In combination with the heat, dust, and insects, the thirst may have contributed to some of the men’s crazier antics. Having just completed their spectacular rout of the Italian 10th Army, the Tommies were flush with victory and displayed it in the way they dressed. A company commander of the Argyll and Sutherland Highlanders wore an Italian brigadier’s uniform with sea boots; British troops of the 2nd Armoured Division boasted Australian slouch hats, a bersagliere’s plumed hat, or the regalia of Blackshirt colonels; soldiers of the 9th Australian Division bore captured Italian pistols, with binoculars slung rakishly around their necks, as well as wearing the ceremonial gold-braided tunics of Italian officers instead of their own plain army jackets. In general the men preferred Italian uniforms, usually obtained by bartering with the POWs, to their own.
This sartorial excess, Lieutenant Greaves had noticed, was complemented by a great deal of high spirits, including the indiscriminate firing of enemy rifles and pistols, exploding Thermos bombs, a lot of showing off in captured enemy vehicles, collecting wild dogs as vicious pets, bartering with Italian prisoners, betting on organized scorpion fights, hunting gazelles and other desert animals. There was a surprising indifference on the part of most officers to such undisciplined, and often dangerous, activities.
Lieutenant Greaves, formerly with the Scots Guards, now 8 Commando, was there for only two days as an observation officer from the Middle East Headquarters (MEHQ) in Cairo and due to fly back the following day from Tobruk. Though he understood the men’s high spirits, he did not approve of their behaviour. The scorpion fights, in particular, were a particularly vicious form of blood sport in which someone would dig out a circular shallow in the sand, pour petrol around the edge, set fire to it, then place two scorpions inside the ring of fire. The heat of the flames would drive the scorpions wild and they would viciously fight one another – so much so that often one of them would inadvertently sting itself fatally with its own tail. Another sport, equally unsavoury, was hunting desert gazelles, which the men would pursue in trucks, firing at the unfortunate creatures with their rifles. While the deaths of the animals had the undeniable merit of supplementing the men’s rations, Greaves viewed it as yet another barbaric activity spawned by a combination of victorious excitement, post-victory boredom, and a general lack of discipline.
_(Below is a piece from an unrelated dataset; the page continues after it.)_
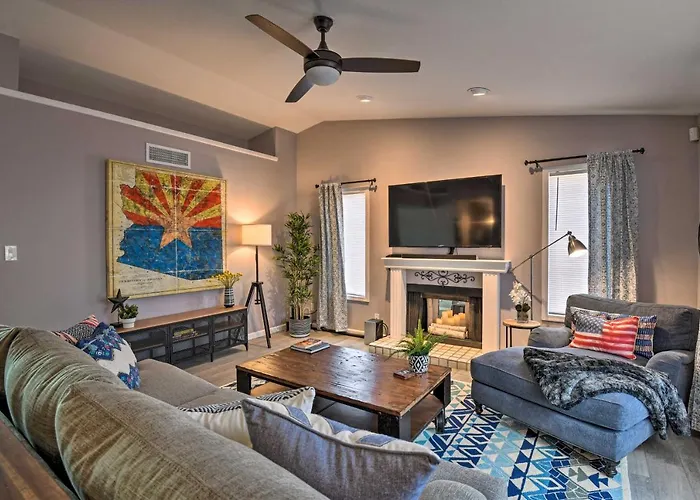 Work, Play & Stay: Scottsdale Gem W/ Outdoor Oasis Holiday home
Since the start of the British offensive in December, these men, including the 4th Indian Division, had resolutely pushed back the Italian forces in Egypt, stopping their advance at Sidi Barrani, taking Sollum, capturing Bardia with 40,000 Italian prisoners, and then Tobruk, and finally, after two months of relentless fighting, cutting off the main body of the Italian Army at Beda Fomm, with approximately 130,000 enemy troops captured. Now, in the closing days of March 1941, aware that advance elements of General Irwin Rommel’s Afrika Korps, including the 15th and 21st Panzer Divisions, had recently arrived in Tripoli and, supported by the Italian mechanized Ariete Division, were advancing across Cyrenaica, the men, still torn between high spirits and boredom, were in no mood for the necessary discipline of camp life.
Greaves would put this into his report when he returned to MEHQ, where the staff officers, known contemptuously as the ‘gabardine swine’ because their uniforms were made of that material and the Tommies thought they had an easy life, were anxiously biting their nails over the arrival in Tripoli of Rommel and his Afrika Korps.
Greaves could understand the Tommies’ contempt for the staff officers back in Cairo. Life there was certainly much easier and, in some cases, even luxurious. And yet, while he was supposed to be going back on an RAF Hudson
transport the following day, he realized he would prefer to stay in the desert. A man who thought of himself first and foremost as a soldier, not as an officer, he was experiencing the frustration of the born soldier with no war to fight.
Even as he stood there beside one of the Bofors anti-aircraft-gun sangars, contemplating the vast, seemingly empty plains of the desert in the dimming afternoon light, he saw a long, thin cloud building up where the blue sky met the earth on the eastern horizon.
‘Looks like a sandstorm coming,’ he said to Major Gervase Reynolds, 3rd Hussars, one of the Regiments of the 7th Armoured Division.
‘I hope not,’ Reynolds replied, tugging distractedly at his handlebar moustache. ‘Bloody dreadful things. Make you feel you’re being buried alive and bugger up everything. Absolutely the worst thing about this damned place, which has many bad things.’
‘It certainly looks like a sandstorm,’ Greaves said as he squinted into the heat haze, surveying the distant horizon beyond El Agheila. The cloud was taking shape as an elongated band of darkness that spread higher and ever wider as it advanced across the flat, sun-scorched plain.
‘No wind,’ Major Reynolds observed. ‘Not the slightest breeze, Captain.’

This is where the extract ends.